Siasat Menantu Gelapkan Uang Penjualan Kopi Mertua Rp 4,7 M demi Selingkuhan

Round Up

Siasat Menantu Gelapkan Uang Penjualan Kopi Mertua Rp 4,7 M demi Selingkuhan

Tim detikSumbagsel - detikSumbagsel
Kamis, 16 Apr 2026 11:00 WIB
Menantu di Bengkulu gelapkan uang mertua Rp 4,7 miliar untuk selingkuh
Menantu di Bengkulu gelapkan uang mertua Rp 4,7 miliar untuk selingkuh (Foto: Istimewa)
Kepahiang -

Menantu di Kabupaten Kepahiang, Bengkulu, berinisial SU menggelapkan uang penjualan kopi mertuanya sebesar Rp 4,7 miliar. Aksi itu dia lakukannya demi untuk bersenang-senang dengan selingkuhannya, yakni CL.

SU alias Aan diamankan di wilayah Kecamatan Kepahiang, beberapa waktu lalu.
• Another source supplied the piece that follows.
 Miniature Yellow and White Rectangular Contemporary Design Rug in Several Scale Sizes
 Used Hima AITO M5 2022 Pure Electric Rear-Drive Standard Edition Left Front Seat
SU kemudian digelandang menuju Polres Kepahiang untuk kepentingan pemeriksaan lebih lanjut.

"Dari hasil interogasi, pelaku tidak membantah perbuatannya, ia mengakui telah melakukan penggelapan uang hasil penjualan kopi milik ayah mertuanya secara bertahap," kata Kanit Pidum Polres Kepahiang, Aipda. Abdullah Barus, Selasa (14/4/2026).

SCROLL TO CONTINUE WITH CONTENT

Abdullah mengatakan dari hasil pemeriksaan sementara yang dilakukan penyidik, terdapat sembilan kali transaksi penjualan kopi yang dilakukan melalui pelaku.

"Dari transaksi itulah, uang hasil penjualan tidak sepenuhnya disetorkan kepada pemilik (mertua), melainkan diselewengkan untuk kepentingan pribadi," jelasnya.

ADVERTISEMENT

Selingkuhan Diperiksa

Kapolres Kepahiang AKBP Yuriko Fernanda mengatakan saat ini selingkuhan pelaku yakni CL masih diperiksa sebagai saksi, dan telah mengakui pelaku juga membelikan badang bremded.

"Teman wanita pelaku sudah kita mintai keterangan," jelasnya, Rabu (15/4/2026).

Hal senada diungkapkan Kasat Reskrim Iptu Bintang Yudha Gama yang mengatakan pihaknya sudah melakukan pemeriksaan sejumlah pihak termasuk selingkuhan SU, yakni CL terkait penggelapan uang tersebut.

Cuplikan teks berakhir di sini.